──────── INFORMATION GIVEN ────────
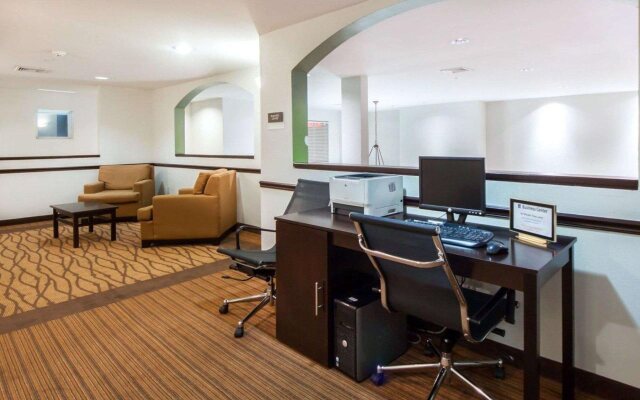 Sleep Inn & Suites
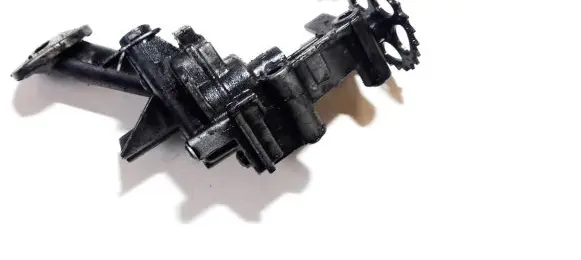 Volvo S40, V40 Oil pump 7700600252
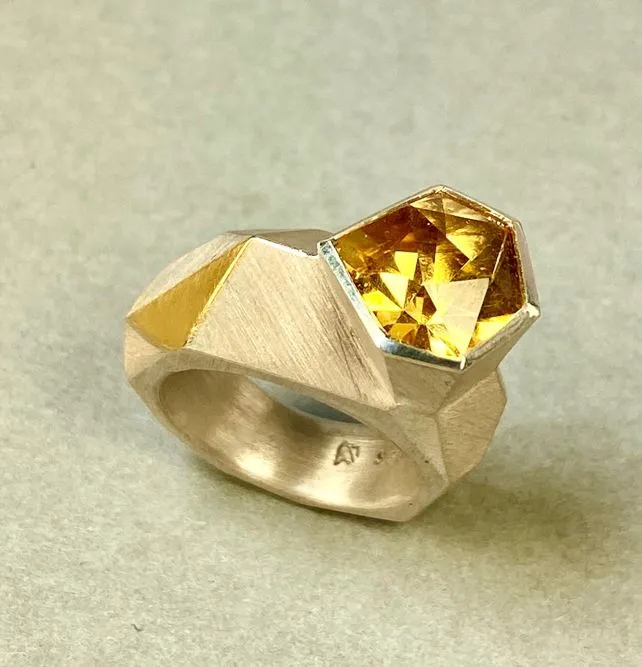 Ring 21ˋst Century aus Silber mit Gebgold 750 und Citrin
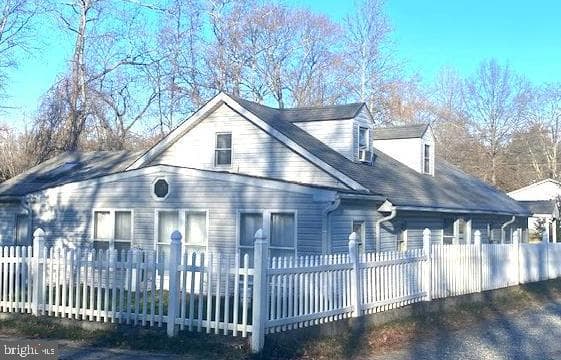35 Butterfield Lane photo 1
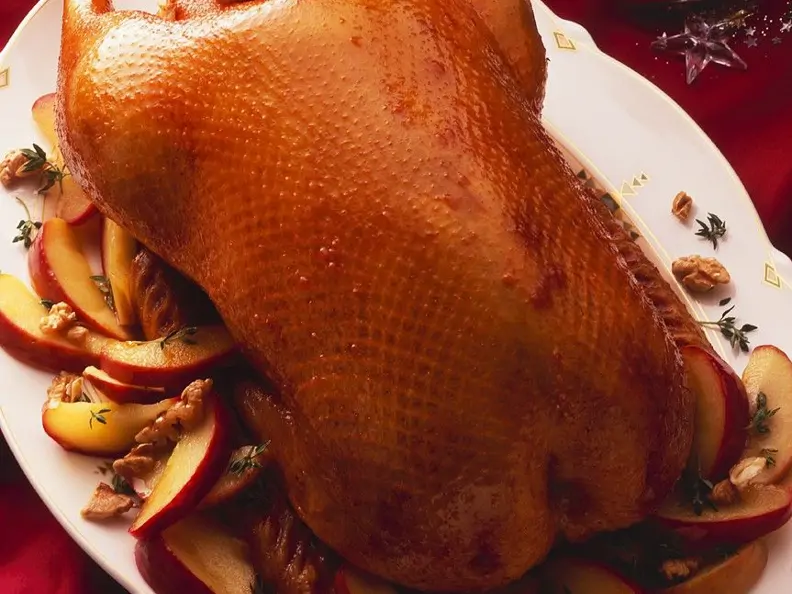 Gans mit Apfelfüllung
────────
• _WHAT IS EXPECTED_
Would you please retype all the data exactly? Leave out whatever pictures it holds.

• _ANSWER BOX_
 Sleep Inn & Suites
 Volvo S40, V40 Oil pump 7700600252
 Ring 21ˋst Century aus Silber mit Gebgold 750 und Citrin
35 Butterfield Lane photo 1
 Gans mit Apfelfüllung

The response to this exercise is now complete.